La plus grosse amende pour la pire tragédie
On se doute que quand une crise est résolue avec un paiement de 18,7 milliards $, ce n’était pas une petite crise. La pétrolière britannique BP espère avec ce chèque se débarrasser du boulet en forme d’immense marée noire qu’elle traîne depuis l’explosion de la plateforme Deepwater Horizon dans le golfe du Mexique en 2010. Même à ce prix titanesque, pour plusieurs, elle s’en sort mauditement bien.
Un record et une honte, ce sont les deux termes qui reviennent pour qualifier cette entente entre le ministère américain de la Justice et BP pour résoudre les principales poursuites enclenchées à la suite du plus grand déversement de pétrole de l’histoire américaine.
Un record parce qu’aucune autre société privée n’a eu à payer aussi cher pour ses erreurs; aucune autre entreprise n’a eu à assumer une telle amende environnementale et aucun État américain — comme les 6,8 milliards $ que doit recevoir la Louisiane — n’a été aussi généreusement compensé pour des méfaits commis par une compagnie privée.
Une honte, parce qu’ayant déjà été condamnée par un juge fédéral pour avoir fait preuve de négligence grave, l’«amende environnementale» que, à elle seule, Washington pouvait imposer à la pétrolière aurait pu atteindre 18 milliards $.
18 MILLIARDS ? UNE BONNE AFFAIRE !
BP a réussi à glisser dans cette entente de 18,7 milliards $, en plus de l’amende pour avoir violé le Clean Water Act, tous les dommages aux ressources naturelles, tous les efforts de restauration de la faune et de la flore et toutes les pertes économiques subies par les États et les municipalités. Méchant deal!
Le géant pétrolier a certes été amoché par cette tragédie écologique et humaine: onze travailleurs, ne l’oublions pas, ont perdu la vie dans l’explosion et l’incendie de la plateforme de forage. Sa réputation en a pâti, et, en fin de compte, BP aura payé 54 milliards $ en indemnités aux victimes, en amendes, en coûts pour colmater le puits et en frais de dépollution.

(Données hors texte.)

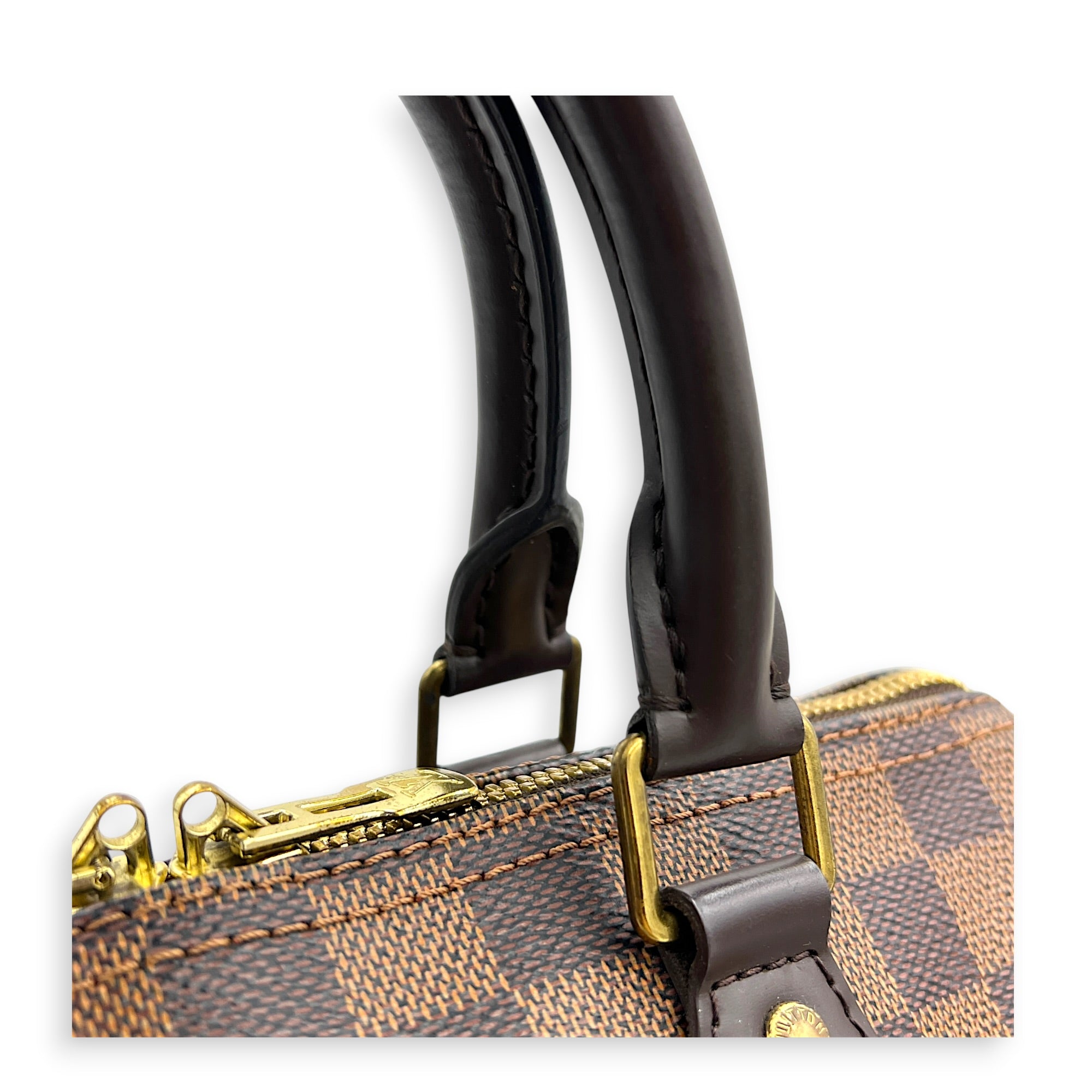 Speedy Bandouliere Top Handle Bag 25 Damier Ebene in Coated Canvas, Gold hardware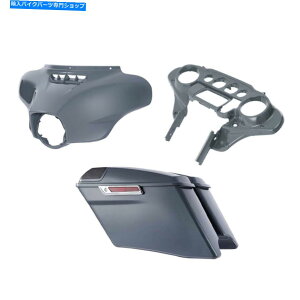 Inner Fairing O[̓̃AE^[obgEBOtFAO4 ''n[[[hOCh14-20̂߂̃ThobOtBbg Gray Inner Outer Batwing Fairings 4'' Saddlebag Fit For Harley Road Glide 14-20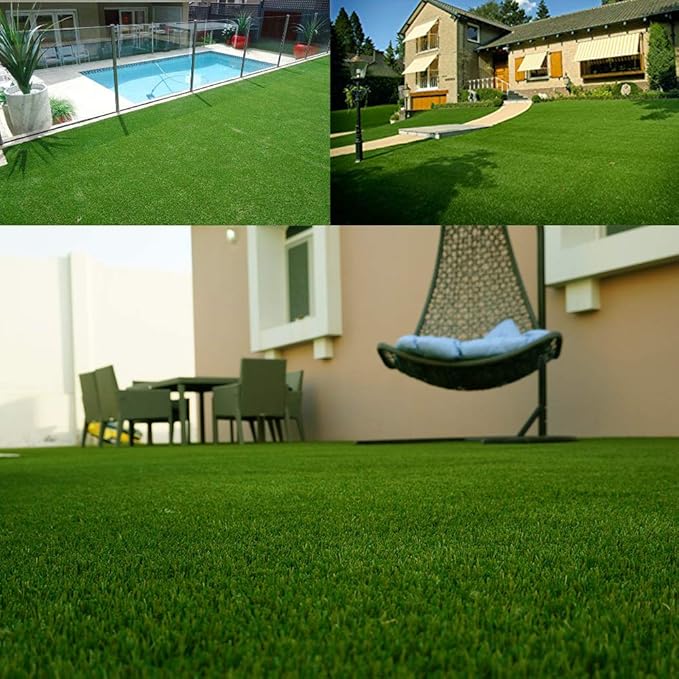 Artificial Grass Turf 11FTX18FT, 1.38" Pile Height Realistic Synthetic Grass, Indoor Outdoor Pet Faux Grass Astro Rug Carpet for Garden Backyard Patio Balcony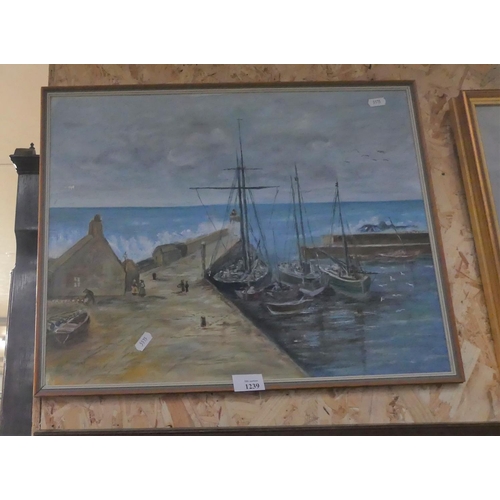 1239 - Amateur Oil on Board - Harbour Scene, aprpox 51 x 40cm.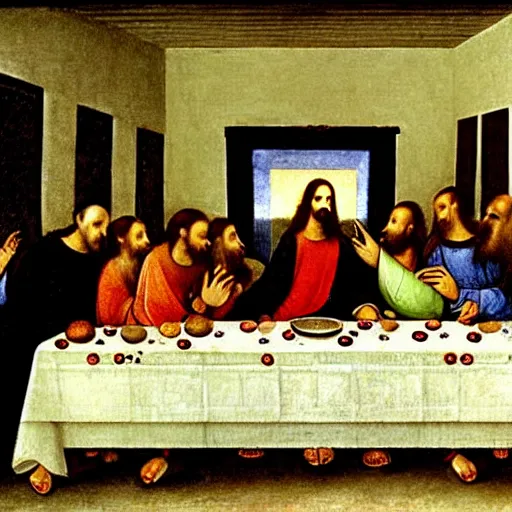 Image similar to a beautiful painting of the last supper with characters from the matrix, by Hieronymus Bosch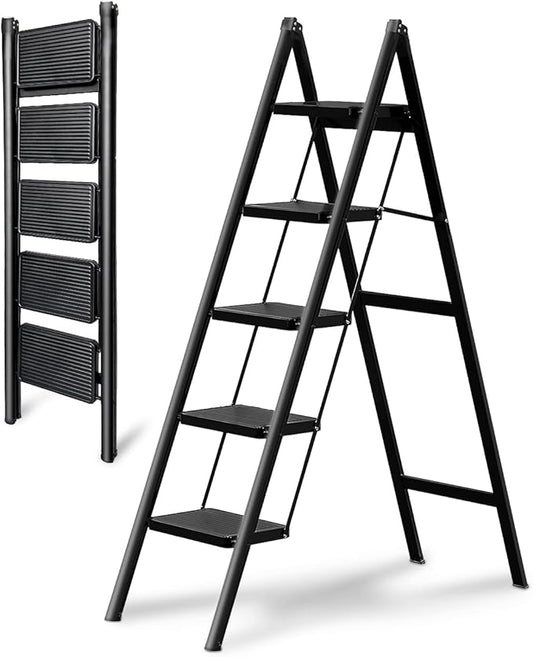 Double Elite Step Ladder 5 Step Folding, Sturdy 330 Lbs Load Small Step Stool for Adults, Safer Full Steel Multi-use Kitchen Ladder for Home/Closet, with Anti-Slip Wide Pedals, Black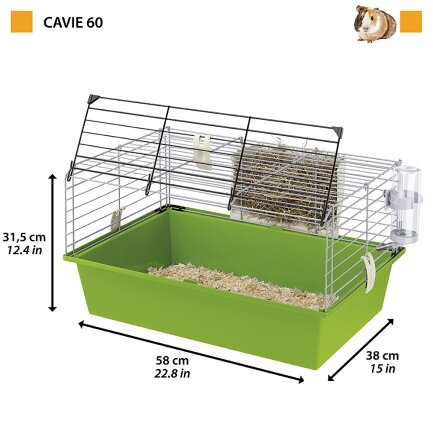 Ferplast CAGE CAVIE 60 GREY-GREEN Клітка для гризунів — Фото 1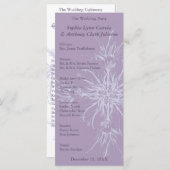 Dusty Paars Floral Wedding Programme Programmakaart (Voorkant / Achterkant)
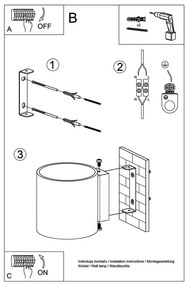 Бяла стенна лампа Roda - Sollux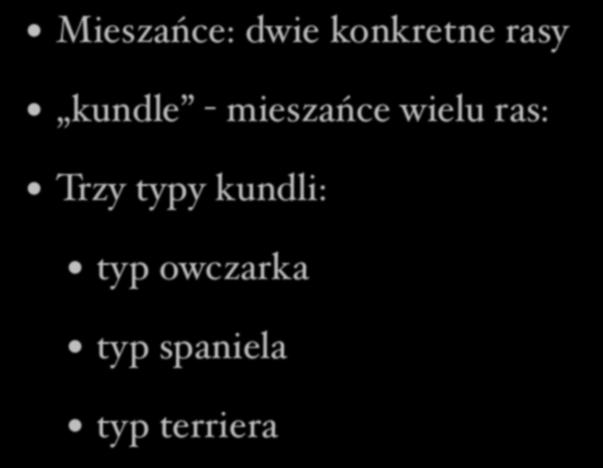 mieszańce i wielorasowce Mieszańce: dwie konkretne rasy kundle -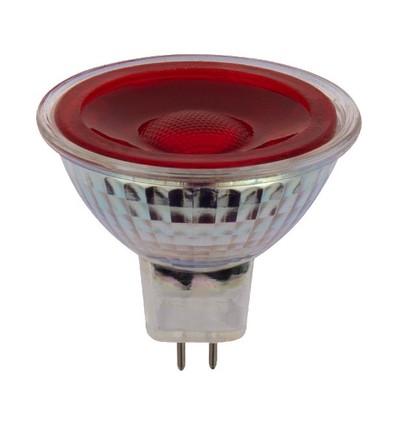 GU5.3 5W LED-pære, 12V - MR16, 38°, rød, glass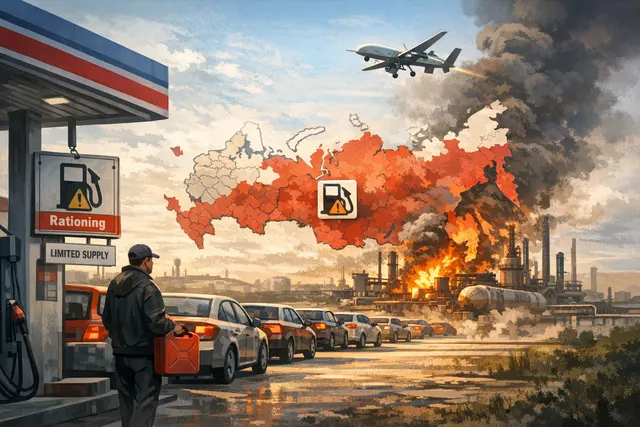 Fuel rationing sign at a Russian gas station, with pumps in the background and a queue of vehicles extending along a city street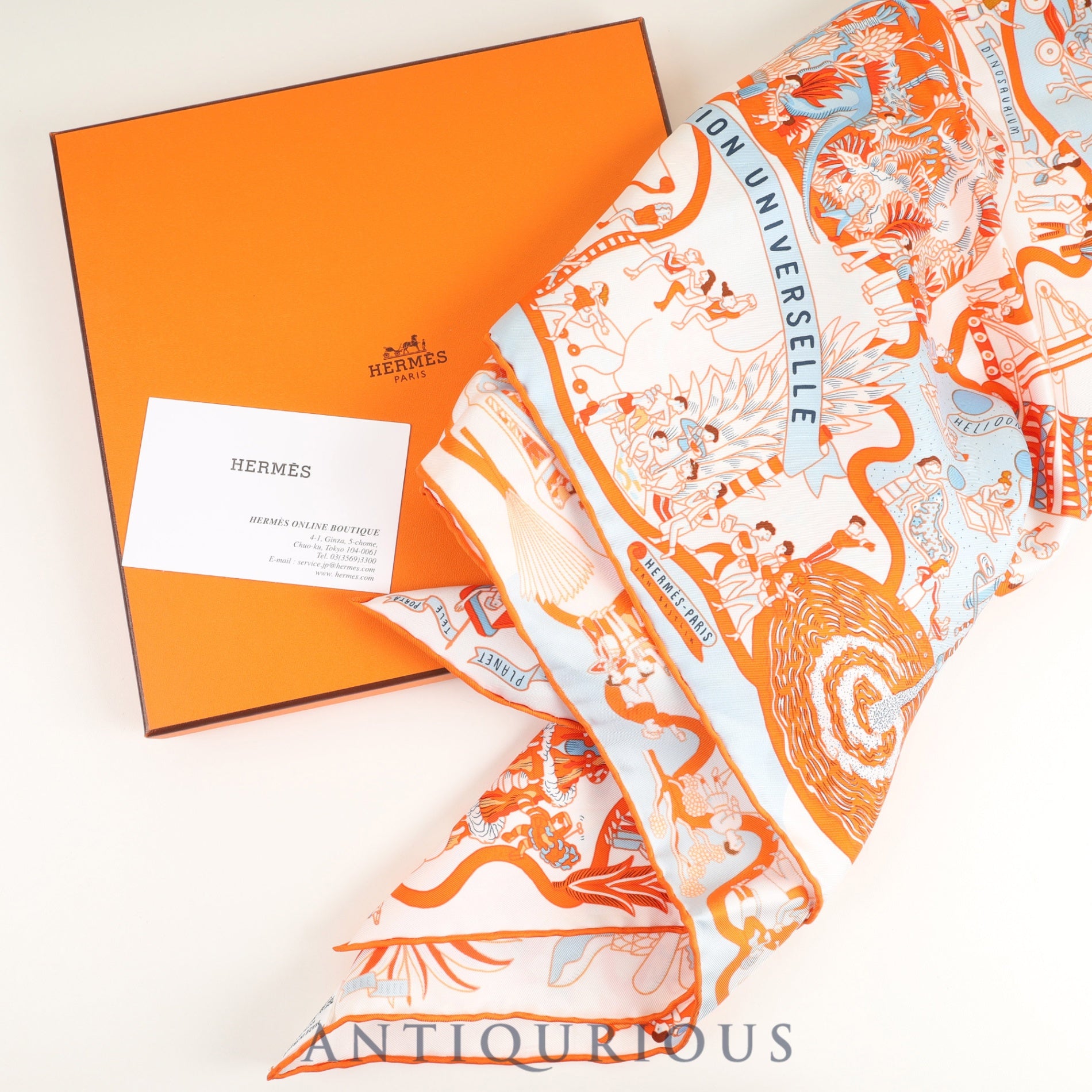 エルメス スカーフ カレ90 Exposition Universelle 万国博覧会 箱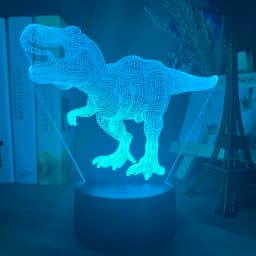 Baby Night Light Dinosaur Triceratops for Kids Bedroom Decor Nightlight Cool Birthday Gift 3d Illusion Acrylic Battery Desk Lamp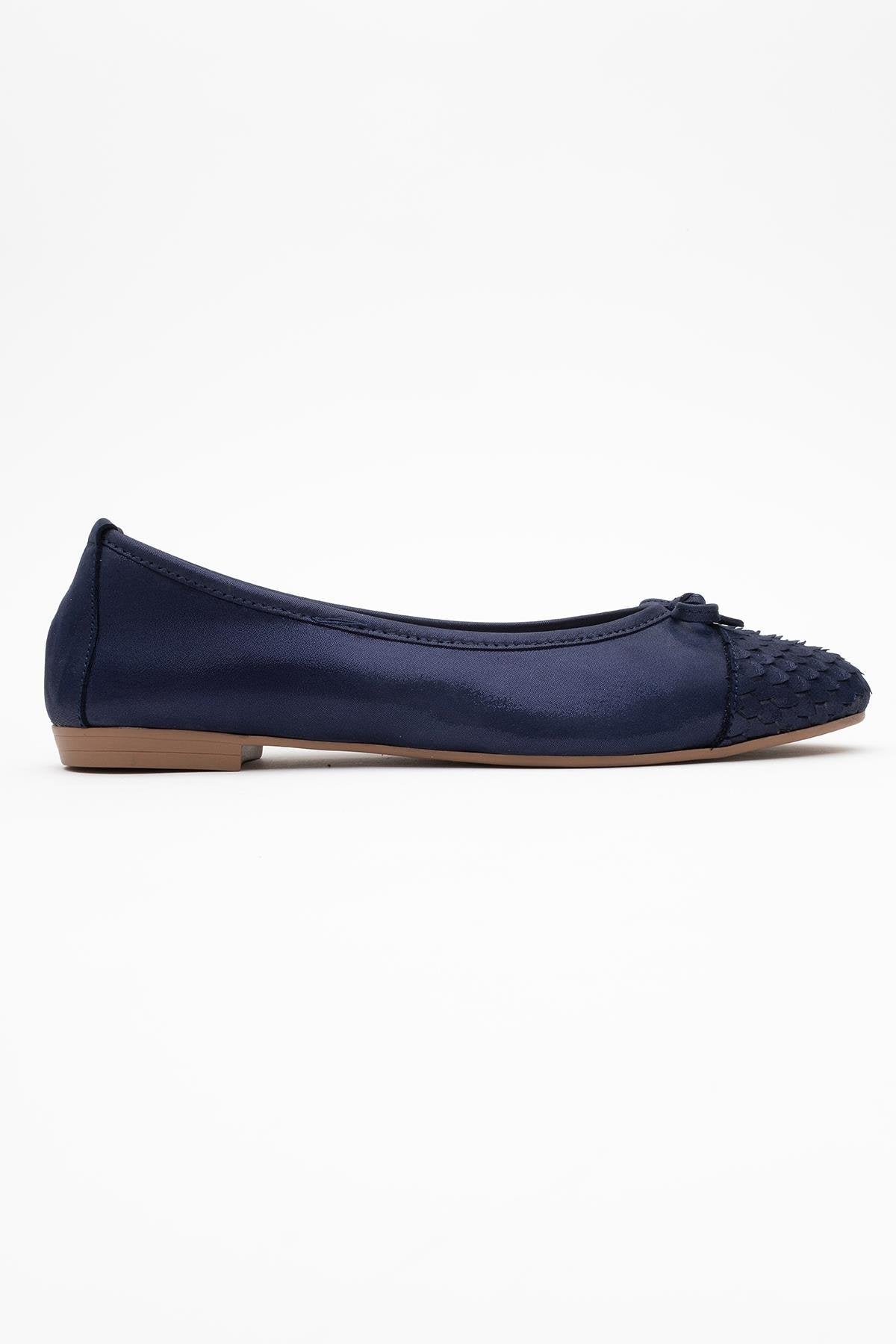 02 - Navy Glitter Genuine Leather Ballet Flat – top view showing leather, glitter, Vowalisse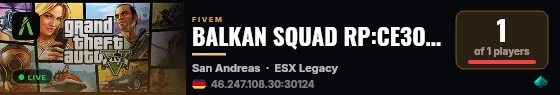 BALKAN SQUAD RP:СЕЗОН 4 Е ВЕЧЕ ТУК live status badge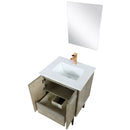 Lexora Lancy 24" W x 20" D Rustic Acacia Bath Vanity White Quartz Top with Faucet Set and 18" Mirror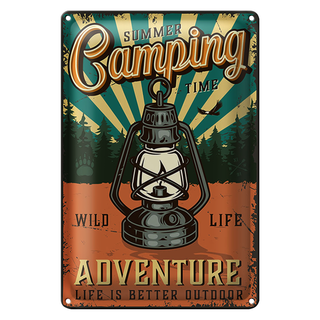 Blechschild Retro 20x30cm Summer Camping Time Adventure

Il a dû vendre pour 45 milliards $ d’actifs à travers le monde, et sa valeur en Bourse a chuté du tiers depuis la catastrophe environnementale. Mais retenez vos larmes et sachez que les financiers, eux, arborent un large sourire. La dernière amende va être étalée sur une quinzaine d’années, ce qui signifie à peu près un milliard de dollars à déduire des revenus par année. Et comme le bénéfice de BP l’année dernière a été de plus de 16 milliards dollars, pas étonnant que le signal aux investisseurs soit «Action à acheter!»
CINQ ANS, C’EST TROP COURT
Les scientifiques, les environnementalistes et les activistes qui travaillent auprès des pêcheurs et des riverains du golfe du Mexique s’amusent moins. Dauphins et tortues continuent de mourir à un rythme accéléré; les pêcheurs d’huîtres ne se sont toujours pas remis de ce déversement sur leur secteur d’activité, et les touristes, bien qu’encouragés à revenir par les massives campagnes de publicité financées par BP, se gardent une petite gêne.
La réalité est que cinq ans plus tard, les experts ne connaissent pas avec exactitude l’ampleur du tort que les 500 millions de litres de pétrole répandus ont eu sur l’écosystème du golfe du Mexique. Ce sera le tourment d’au moins une génération.
L’autre grande incertitude tient aux leçons tirées de ce drame: l’industrie pétrolière, toujours avare de profits, répondra-t-elle plus rapidement et plus efficacement à la prochaine crise? Ça aussi, seul le temps le dira.